◆ INPUT MATERIAL

┌────────

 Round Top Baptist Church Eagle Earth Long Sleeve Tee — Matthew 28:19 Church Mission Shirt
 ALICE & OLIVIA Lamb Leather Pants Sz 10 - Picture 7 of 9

└────────
┌────────

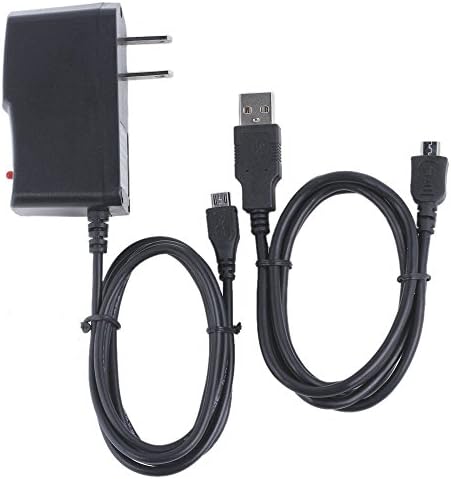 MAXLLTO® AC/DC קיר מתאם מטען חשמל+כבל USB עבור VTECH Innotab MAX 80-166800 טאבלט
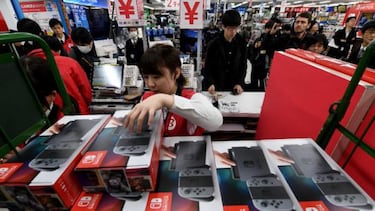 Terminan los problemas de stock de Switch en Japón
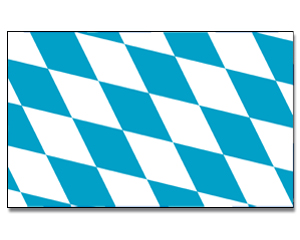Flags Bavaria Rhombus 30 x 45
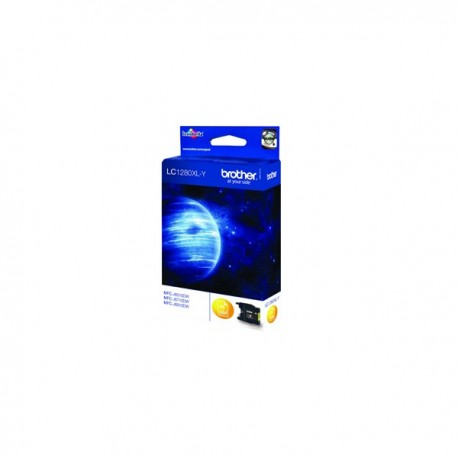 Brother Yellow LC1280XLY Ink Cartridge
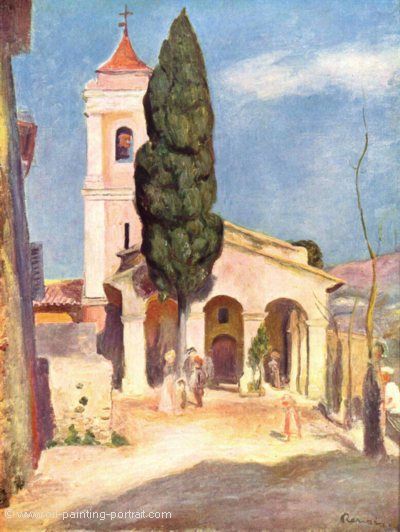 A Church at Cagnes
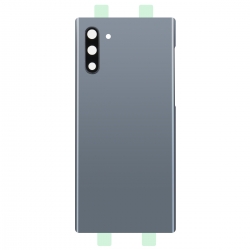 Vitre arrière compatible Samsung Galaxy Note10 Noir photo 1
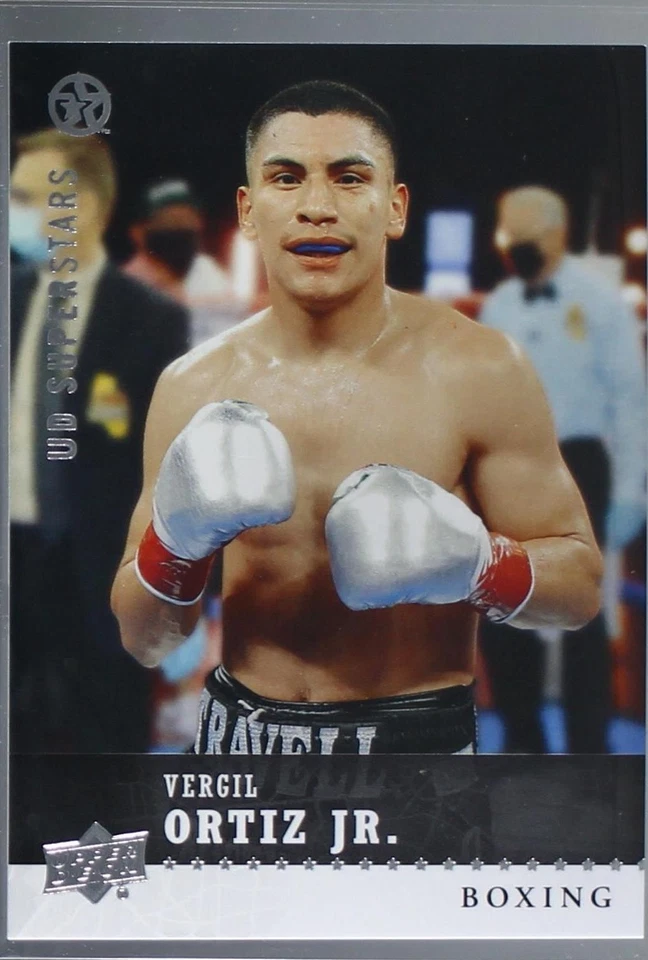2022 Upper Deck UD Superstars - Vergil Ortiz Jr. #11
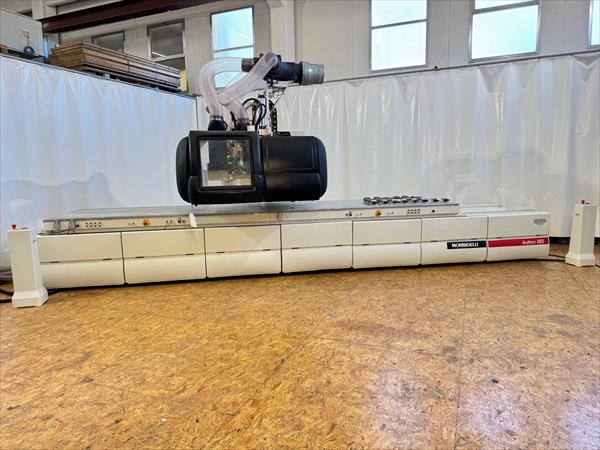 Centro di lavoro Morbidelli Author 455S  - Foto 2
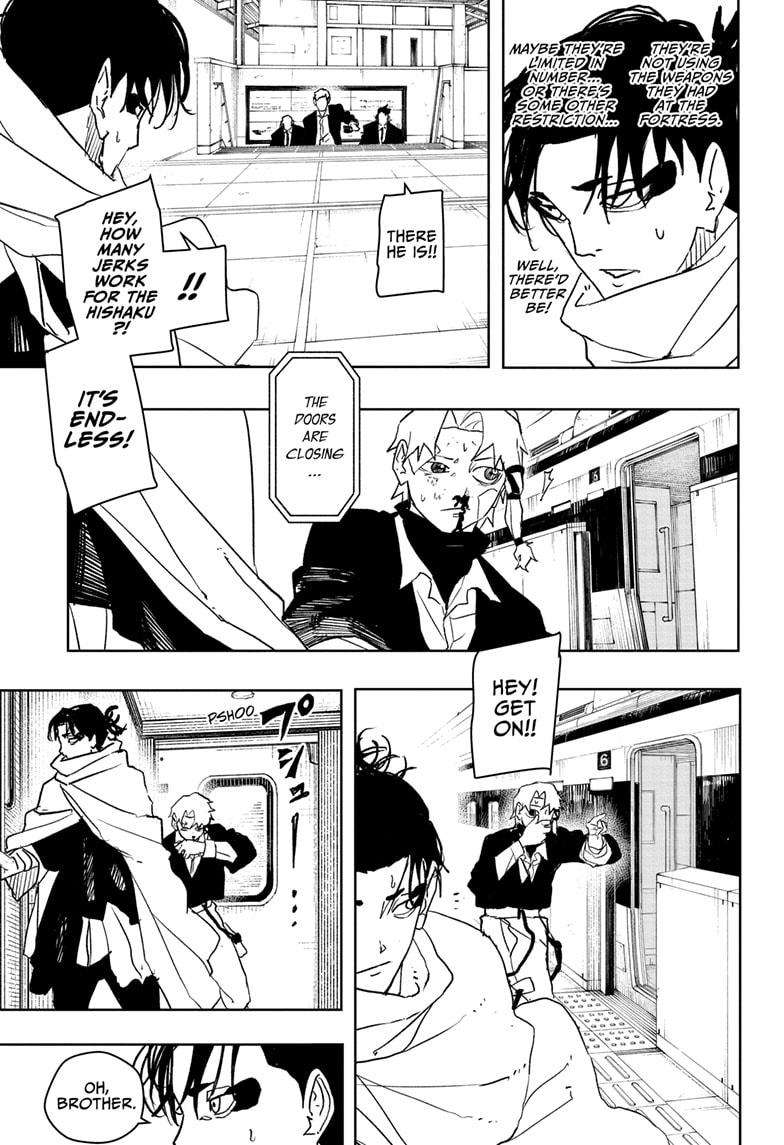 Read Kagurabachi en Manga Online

└────────

◆ WORK INSTRUCTION
Output only an exact transcription of the lines above from the one with "Round Top Baptist" up to and including the one with "ALICE & OLIVIA".

◆ ANSWER BOX
 Round Top Baptist Church Eagle Earth Long Sleeve Tee — Matthew 28:19 Church Mission Shirt
 ALICE & OLIVIA Lamb Leather Pants Sz 10 - Picture 7 of 9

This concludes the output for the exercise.